WESTAF has a long history of involvement in the public art domain. In 1976, WESTAF published % for Art: New Legislation Can Integrate Arts and Architecture, a groundbreaking report in the field. The Archive uses a categorization vocabulary that is consistent with the Getty's Art & Architecture Thesaurus and Interpol's Object ID initiative which provide standardized descriptions that are readily understood around the world.
But its benefit to participating communities is the access it provides not only to area residents, but to cultural tourists, business visitors and other people and organizations from around the world who have an interest in public art. Thus, Fort Myers' presence on the PAA can be used by the Lee County Visitors & Convention Bureau, Greater Fort Myers Chamber of Commerce, Lee County Alliance for the Arts and every for-profit and nonprofit arts and cultural organization to induce locals and out-of-towners to attend the exhibitions, festivals and other events they organize and promote.
And Fort Myers is not alone in taking advantage of the benefits afforded by the Public Art Archive. The Florida Art in State Buildings program has already registered four recent projects, the Charlotte County Health Department, the Frost Art Museum, Jackson County Health Department and three public artworks located out at Florida Gulf Coast University. The following Florida public art programs have too:
- Broward County
- Marilyn A. Wall Foundation
- Miami International Airport(Donald Lipski collection) Got Any Jacks
- Orange County
- Palm Beach County
- Volusia County
Experts have long recognized the role public art plays in attracting cultural tourists, but a recent survey conducted by Gallup in tandem with the John S. and James L. Knight Foundation of 43,000 people in 26 communities over a 3-year period beginning in 2008 discovered that more than schools, low crime rates and economic opportunity, public art is the factor that most inspires people to locate and remain in a community.

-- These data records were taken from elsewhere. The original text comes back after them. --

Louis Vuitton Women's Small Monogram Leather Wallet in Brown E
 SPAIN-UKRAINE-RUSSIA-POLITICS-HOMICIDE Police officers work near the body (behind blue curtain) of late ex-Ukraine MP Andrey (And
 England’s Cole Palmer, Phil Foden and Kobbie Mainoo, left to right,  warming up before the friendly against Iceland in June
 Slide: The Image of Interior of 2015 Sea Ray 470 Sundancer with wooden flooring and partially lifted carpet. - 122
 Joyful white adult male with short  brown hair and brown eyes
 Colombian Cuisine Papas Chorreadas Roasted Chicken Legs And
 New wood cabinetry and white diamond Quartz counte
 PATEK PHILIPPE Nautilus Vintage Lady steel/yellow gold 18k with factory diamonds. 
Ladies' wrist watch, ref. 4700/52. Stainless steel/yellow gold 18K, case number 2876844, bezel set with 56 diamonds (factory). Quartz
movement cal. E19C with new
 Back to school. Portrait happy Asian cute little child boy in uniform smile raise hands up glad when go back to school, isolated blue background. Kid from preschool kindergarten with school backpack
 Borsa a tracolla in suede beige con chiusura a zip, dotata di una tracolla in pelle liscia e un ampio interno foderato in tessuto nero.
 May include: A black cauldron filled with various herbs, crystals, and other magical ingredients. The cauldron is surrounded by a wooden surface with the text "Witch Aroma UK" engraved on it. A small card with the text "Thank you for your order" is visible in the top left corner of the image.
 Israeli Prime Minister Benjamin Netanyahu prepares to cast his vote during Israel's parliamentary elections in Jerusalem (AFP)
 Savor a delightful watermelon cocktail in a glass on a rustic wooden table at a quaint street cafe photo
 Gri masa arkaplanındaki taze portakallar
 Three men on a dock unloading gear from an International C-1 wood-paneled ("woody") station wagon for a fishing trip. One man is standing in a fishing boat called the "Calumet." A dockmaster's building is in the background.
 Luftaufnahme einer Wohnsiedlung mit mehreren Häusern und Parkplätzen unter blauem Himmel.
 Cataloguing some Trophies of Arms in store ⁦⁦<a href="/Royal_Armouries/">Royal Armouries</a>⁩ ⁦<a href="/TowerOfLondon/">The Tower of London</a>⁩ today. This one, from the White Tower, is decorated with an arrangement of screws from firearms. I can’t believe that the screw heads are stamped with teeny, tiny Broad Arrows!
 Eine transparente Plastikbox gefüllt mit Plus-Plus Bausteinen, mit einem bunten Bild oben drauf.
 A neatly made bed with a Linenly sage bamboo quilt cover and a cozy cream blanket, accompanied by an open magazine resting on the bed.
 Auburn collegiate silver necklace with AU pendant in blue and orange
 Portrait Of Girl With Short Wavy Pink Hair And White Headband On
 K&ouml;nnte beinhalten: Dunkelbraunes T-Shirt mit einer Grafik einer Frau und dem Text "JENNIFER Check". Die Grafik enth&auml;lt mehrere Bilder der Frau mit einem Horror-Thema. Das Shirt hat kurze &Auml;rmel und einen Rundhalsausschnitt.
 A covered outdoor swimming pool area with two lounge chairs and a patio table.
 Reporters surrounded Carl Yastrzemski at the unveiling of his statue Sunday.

"A city’s art, parks, and green spaces are more important than education, safety, and the local economy” when it comes to inducing residents to develop a binding attachment to the town or city in which they live, the report noted. And this doesn’t change much from one place to another.
“This is not to say that jobs and housing aren’t important,” Gallup and the Knight Founation go on to say. “Residents must be able to meet their basic needs in a community in order to stay. However, when it comes to forming an emotional connection with the community, there are other community factors which often are not considered when thinking about economic development. These community factors seem to matter more when it comes to attaching residents to their community.”
Demographics don’t alter this conclusion either. “While we do see differences in attachment among different demographic groups, demographics generally are not the strongest drivers of attachment. In almost every community, we found that a resident’s perceptions of the [community's aesthetics] are more strongly linked to their level of community attachment than to that person’s age, ethnicity, work status, etc.”
But maximum advantage can only be derived from public art to the extent that residents, visitors and the business community know about it. The Public Art Archive is an important step in this direction.
To browse all the collections that are represented on the Public Art Archive, please click here.
Initial registration of Fort Myers' public artworks on cultureNOW, a second public art website, has already been completed. Registration of the collection on both sites is taking place pursuant to an Individual Artist Grant awarded by the City of Fort Myers, and the initiative is already bringing the city, the River District, and Fort Myers public art collection global attention and acclaim.